1. Motivation for This Book
The global demand for English proficiency in the workforce and academia has grown steadily in recent years and estimates suggest that in 2020 over two billion people will be using English on a regular basis at some level of proficiency (Howson, 2013). Due to the increasingly large number of English learners around the world, there is a growing demand for assessments of English proficiency, in particular, assessments of English speaking proficiency. These assessments can be used for a variety of purposes that range from low-stakes, such as providing information to instructors and students about a studentâs learning progress, to high-stakes, such as informing hiring decisions in a global company that requires the use of English on the job. In order for any of these assessments of English proficiency to be a valid indicator of speaking ability, it should include some tasks that elicit actual spoken responses from the test takers instead of only including selected response tasks, such as ones requiring test takers to recognize conventions of standard spoken English.

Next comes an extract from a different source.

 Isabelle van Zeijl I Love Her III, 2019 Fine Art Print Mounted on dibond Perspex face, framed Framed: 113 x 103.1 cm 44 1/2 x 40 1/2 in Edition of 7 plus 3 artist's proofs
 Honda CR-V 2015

However, the inclusion of such constructed response tasks in language proficiency assessments poses challenges for scoring, especially for large-scale assessments. Human rating, which has traditionally been the only means to evaluate such constructed spoken responses, can be costly, time consuming, and subject to factors that may negatively impact the validity of the scores, such as rater fatigue, rater bias, etc. (Engelhard, 2002). In order to address these challenges, an increasing number of speaking tests now make use of automated speech scoring technology, either as the sole source of scores or in combination with human raters.
Automated speech processing technology has improved substantially in recent years. Recent advances, such as the use of Deep Neural Network algorithms for training automatic speech recognition models, have brought about impressive gains in the performance and reliability of systems that make use of this technology. Although these systems are still far from perfect, they can be used productively in a wide range of products and services; the impact of automated speech processing technology can be seen, for example, in the commercial success of digital assistants (such as Amazon Alexa and Google Home) and the widespread use of telephone-based automated customer support systems. Similarly, the performance of automated speech scoring systems has also improved substantially in recent years and they are being considered for use in a much wider range of assessments than when they were first introduced, approximately 30 years ago.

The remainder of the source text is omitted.